Top of DATA TO EXAMINE
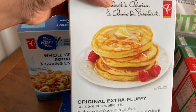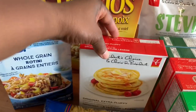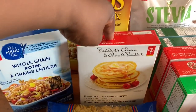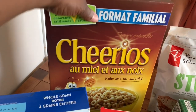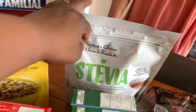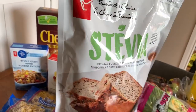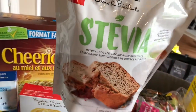I bought this whole grain rotini for myself because I'm focusing more on whole grain. We have this pre-mix original fluffy pancake mix — we usually make pancakes from scratch, but it's nice to have something to fall back on every now and again. Cheerios, because everyone loves Cheerios and it's good to have a change. We got stevia as an alternative to sugar — I've heard a lot of great things about it and I'm really excited to try it.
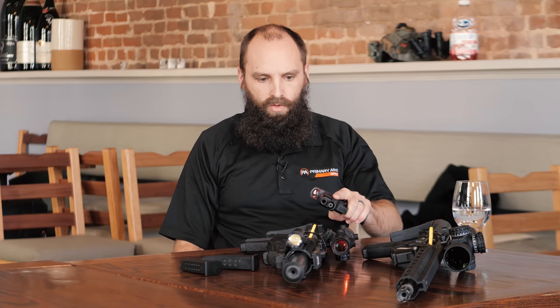How much is it going to cost and when do I get it? They're actually for sale now on our website. The retail cost is $299.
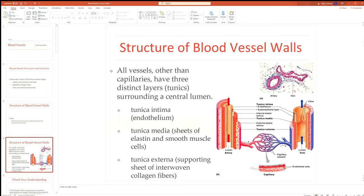Let's look at structure. All blood vessels — veins, arterioles, arteries — with the exception of capillaries, have three distinct layers or tunics surrounding a central hollow cavity called a lumen.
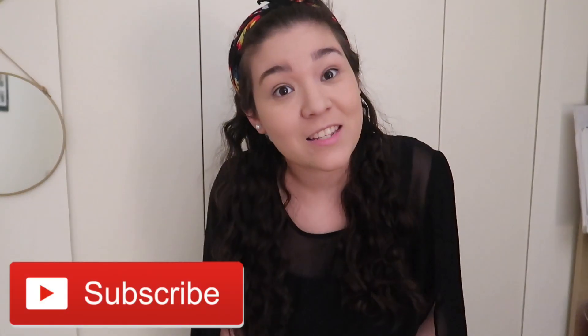Wait till you see it. I'm sorry that I have two different outfits — the lighting was just bad and I just redid it. If you're interested in more videos like this, make sure to subscribe and hit the notification bell. Let's get started.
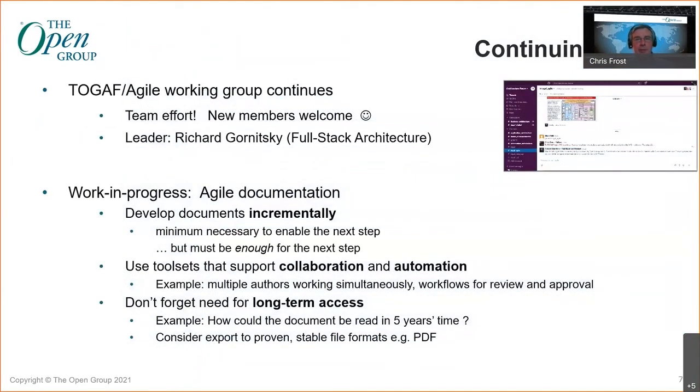The good news is the Open Group is working on all of these things. There is a TOGAF Agile Working Group which has already published some things and continues to work. It is very much a team effort — new members are always welcome. The group leader is Richard Gunitsky from Fullstack Architecture. If you Google 'Richard Gunitsky Fullstack Architecture' you will find him, and if you are interested in joining, get in touch with Richard. He would welcome your contributions.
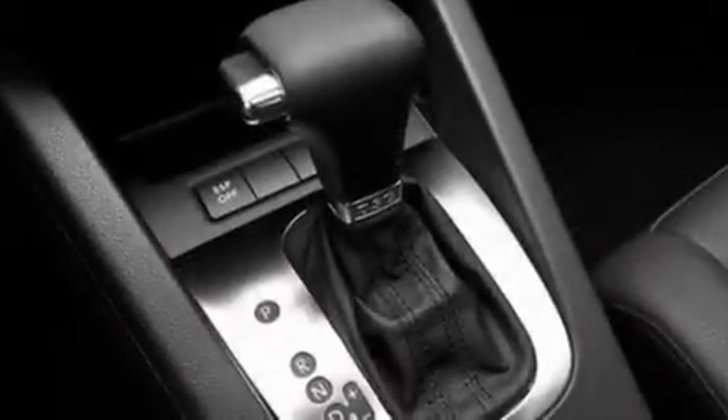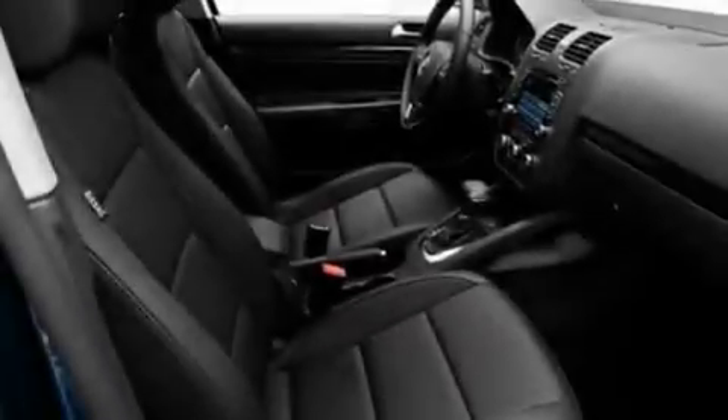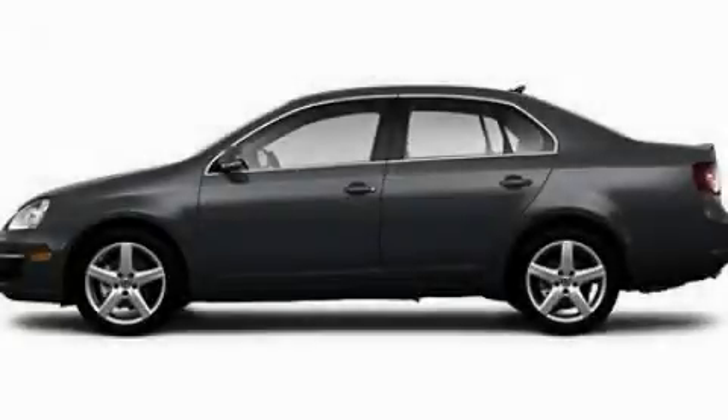With an EPA estimated rating of 42 miles per gallon on the highway, this automobile helps leave money in your pocket where you want it. Please call us today for more information on this great vehicle.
Bottom of DATA TO EXAMINE
## WHAT IS EXPECTED
Reproduce the lines above beginning at the line that contains "How much is" and ending at the line that contains "Let's look at". No pictures.

## RESULT OF THIS TASK
How much is it going to cost and when do I get it? They're actually for sale now on our website. The retail cost is $299.
Let's look at structure. All blood vessels — veins, arterioles, arteries — with the exception of capillaries, have three distinct layers or tunics surrounding a central hollow cavity called a lumen.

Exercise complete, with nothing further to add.